To see how corals might withstand changes in extracellular pH, the researchers exposed cells to seawater that they had acidified from its usual pH of 8.1 to 7.4, mimicking the pH of the coelenteron and the conditions of the cells that border that cavity. Cells with functioning sAC experienced a small drop in pH after 15 minutes’ exposure, but after an hour they rebounded, even surpassing their original pH. The KH7-treated cells, however, suffered a larger pH dip and did not rebound.
“This substance that they’ve identified is critical to the ability of these cells to regulate their internal pH,” Langdon says.
In addition to the CO2—and, therefore, carbonic acid—resulting from respiration, corals face another acid source: CO2 in the ocean. As atmospheric CO2 levels rise, more of the gas dissolves in the ocean, and seawater becomes more acidic. The experiment that intended to simulate conditions in the coelenteron hints at how these corals might cope under ocean acidification conditions, but Tresguerres notes that the acidification experiments used hydrochloric acid, not carbonic acid or CO2, to acidify the seawater, so in that way, it differed from ocean acidification conditions.

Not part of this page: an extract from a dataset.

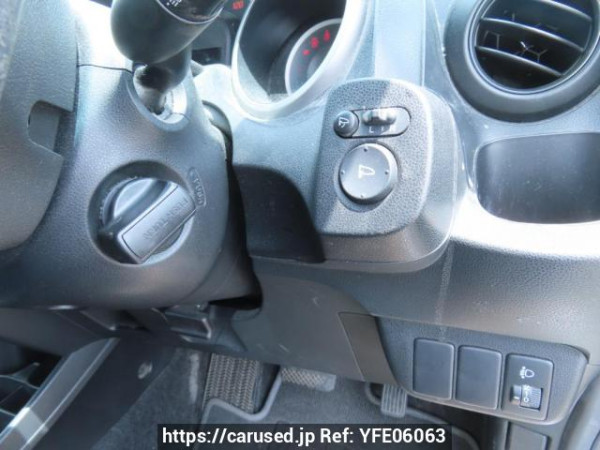 Used 2009 AT honda fit GE6 Image[26]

“Even though they are not exactly like ocean acidification because we did not acidify with carbon dioxide, our treatment resulted in conditions that were more extreme to what ocean acidification is predicted to be in 100 years,” he adds.
“In order to relate this to ocean acidification, they would have needed to hold these, have some cells that were held under reduced pH for weeks, maybe, or even longer and then see what happens,” says Langdon.
In the future, Tresguerres says, he would like to learn more about the different sAC splice variants and what they do. Additionally, “now that we know that sAC is important for maintaining intracellular pH, we are designing experiments [to determine] if it is also involved in regulating calcification or photosynthesis or many other processes.”
K.L. Barott et al., “Identification of a molecular pH sensor in coral,” Proc. R. Soc. B, doi:10.1098/rspb.2017.1769, 2017.
Correction (November 1): We originally stated that the antibody helped identify sAC transcripts, rather than sAC. The Scientist regrets the error.